La frase que da título, de Walter Benjamin, alumbrada bajo su manto de cierto optimismo marxista es de plena vigencia en la actualidad. Chocante en un principio, no deja de tener gran parte de razón y es que ¿Qué porcentaje de nuestro conocimiento artístico de la actualidad proviene del “acontecimiento irrepetible” y cuál de la “reproducción”? Sin embargo, es necesario revolverse constante y ferozmente hacia ella, pues la pérdida de aura en la experiencia estética constituyó el primer paso hacia la banalización del arte en la que nos vemos anegados en la actualidad. En esta “sociedad del espectáculo”, por decirlo como Guy Debord, en la que delegamos nuestras vivencias hacia lo que nos ofrece la matriz audiovisual que como una enredadera nos ahoga nos hemos conformado con la vivencia del fragmento, con el simulacro diferido del sucedáneo de la copia. Y con ello hemos firmado la sentencia de muerte para crear y experimentar un arte metafísico. ¿Y merece la pena uno que no lo sea?

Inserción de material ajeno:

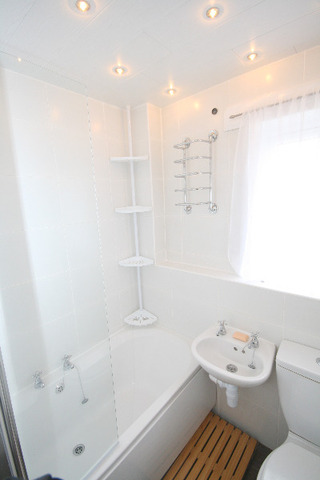  Image of 2 Bedroom Flat to rent at Ballumbie Dundee Dundee, DD4 0TQ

Por supuesto que puede ser absolutamente enriquecedor tener al alcance de un click toda la (in)formación que podamos digerir, pero como dijo George Steiner “vivimos en la época con más información y menos conocimiento” de la historia, por lo que resulta extremadamente fácil caer en el consejo de profetas de baja estofa o vernos llevados a la catatonia por el aluvión de material inclasificable que nos asalta. Sí, ahora puedo -mientras escribo esto- estar escuchando plácidamente la tan gastada novena sinfonía desde la comodidad de mi casa, pero daría un brazo por haber estado el 7 de Mayo de 1824 en Viena cuando se estrenó para poderlo vivir auráticamente y desafiar a la autoridad provocando que el genial músico alemán tuviera que saludar hasta cinco veces. Y el otro brazo por haber estado en París en 1860, con Baudelaire, cuando asistió por primera y única vez en su vida a una representación de una ópera de Wagner. Lo primero que hizo al salir fue escribir una carta al de Leipzig para decirle que aquello había sido “la experiencia musical más importante de toda su vida”. De eso, de eso es de lo que hablo, de cómo estas vivencias nos resuenan a ecos de una vida teñida de romanticismo que entre supuestos avances técnicos culturales se nos ha ido diluyendo. Por acabar con Benjamin y, no es que lo necesite, redimirlo “no hay documento de cultura, que no lo sea también de barbarie”.